17. Nachvertragliche Pflichten

(1) Nach Beendigung des Vertrages hat der Auftragsverarbeiter sämtliche in seinen Besitz gelangten Unterlagen, Daten und erstellten Verarbeitungs- oder Nutzungsergebnisse, die im Zusammenhang mit dem Auftragsverhältnis stehen, nach Wahl des Verantwortlichen an diesen zurückzugeben oder zu löschen. Die Löschung ist in geeigneter Weise zu dokumentieren. Etwaige gesetzliche Aufbewahrungspflichten oder sonstige Pflichten zur Speicherung der Daten bleiben unberührt (vgl. unten Absatz 3). Für Datenträger gilt, dass diese im Falle einer vom Verantwortlichen gewünschten Löschung zu vernichten sind, wobei mindestens die Sicherheitsstufe 3 der DIN 66399 einzuhalten ist. Die Vernichtung ist dem Verantwortlichen unter Hinweis auf die Sicherheitsstufe gemäß DIN 66399 nachzuweisen.

(2) Der Verantwortliche hat das Recht, die vollständige und vertragsgemäße Rückgabe und Löschung der Daten beim Auftragsverarbeiter zu kontrollieren. Dies kann auch durch eine Inaugenscheinnahme der Datenverarbeitungsanlagen in der Betriebsstätte des Auftragsverarbeiters erfolgen. Die Vor-Ort-Kontrolle soll mit angemessener Frist durch den Verantwortlichen angekündigt werden.

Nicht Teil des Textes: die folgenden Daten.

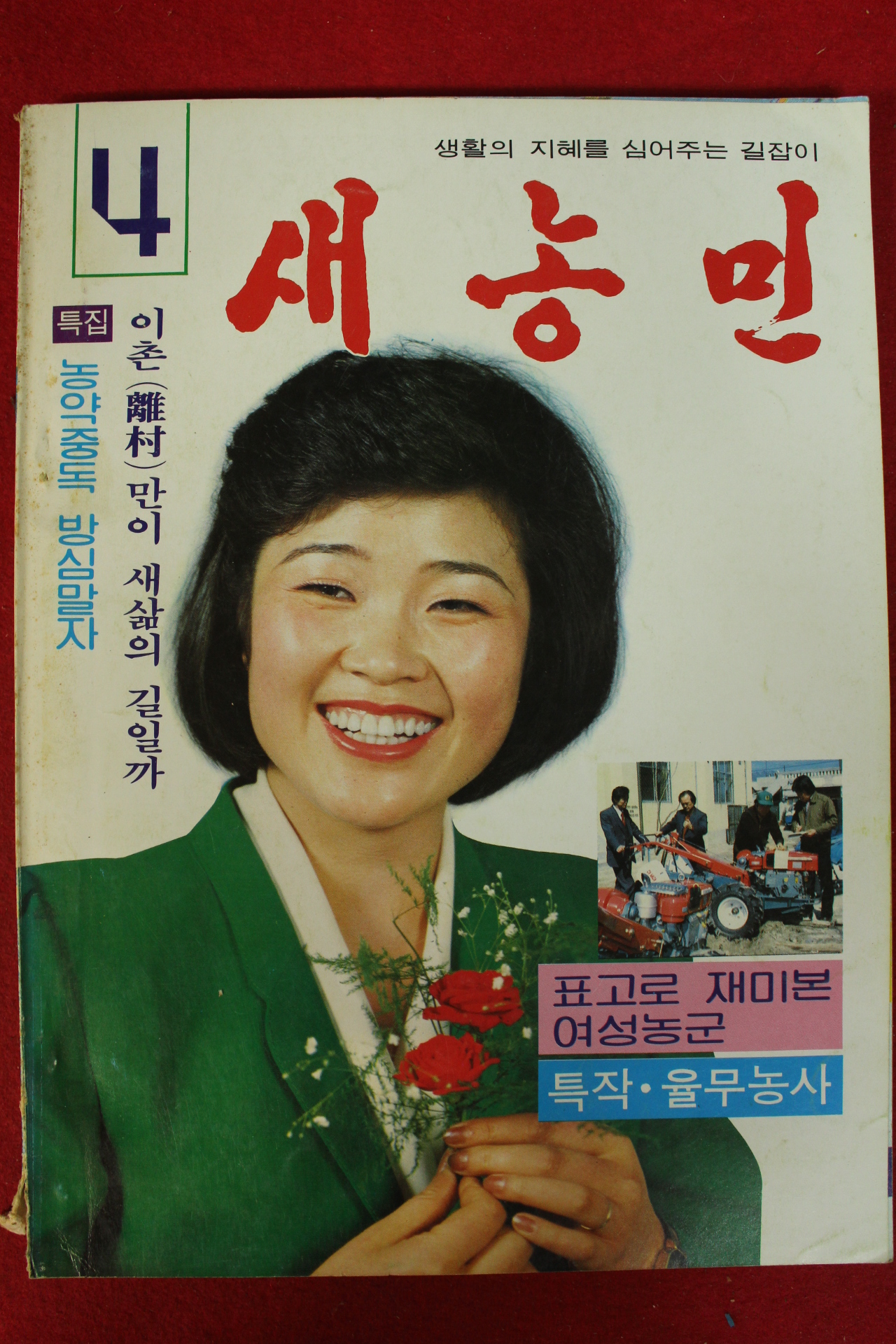 1982년 새농민 4월호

(3) Der Auftragsverarbeiter darf personenbezogene Daten, die im Zusammenhang mit dem Auftrag verarbeitet worden sind, über die Beendigung des Vertrages hinaus speichern, wenn und soweit den Auftragsverarbeiter eine gesetzliche Pflicht zur Aufbewahrung trifft. In diesen Fällen dürfen die Daten nur für Zwecke der Umsetzung der jeweiligen gesetzlichen Aufbewahrungspflichten verarbeitet werden. Nach Ablauf der Aufbewahrungspflicht sind die Daten unverzüglich zu löschen.

18. Zurückbehaltungsrecht

Die Parteien sind sich darüber einig, dass die Einrede des Zurückbehaltungsrechts durch den Auftragsverarbeiter i. S. d. § 273 BGB hinsichtlich der verarbeiteten Daten und der zugehörigen Datenträger ausgeschlossen wird.

19. Schlussbestimmungen

(1) Sollte das Eigentum des Verantwortlichen beim Auftragsverarbeiter durch Maßnahmen Dritter (etwa durch Pfändung oder Beschlagnahme), durch ein Insolvenzverfahren oder durch sonstige Ereignisse gefährdet werden, so hat der Auftragsverarbeiter den Verantwortlichen unverzüglich zu informieren. Der Auftragsverarbeiter und der Verantwortliche werden die Gläubiger über die Tatsache, dass es sich um Daten handelt, die im Auftrag verarbeitet werden, unverzüglich informieren.

(2) Für Nebenabreden, Änderungen oder Ergänzungen dieser Anlage ist die Schriftform im Sinne des § 126 BGB erforderlich.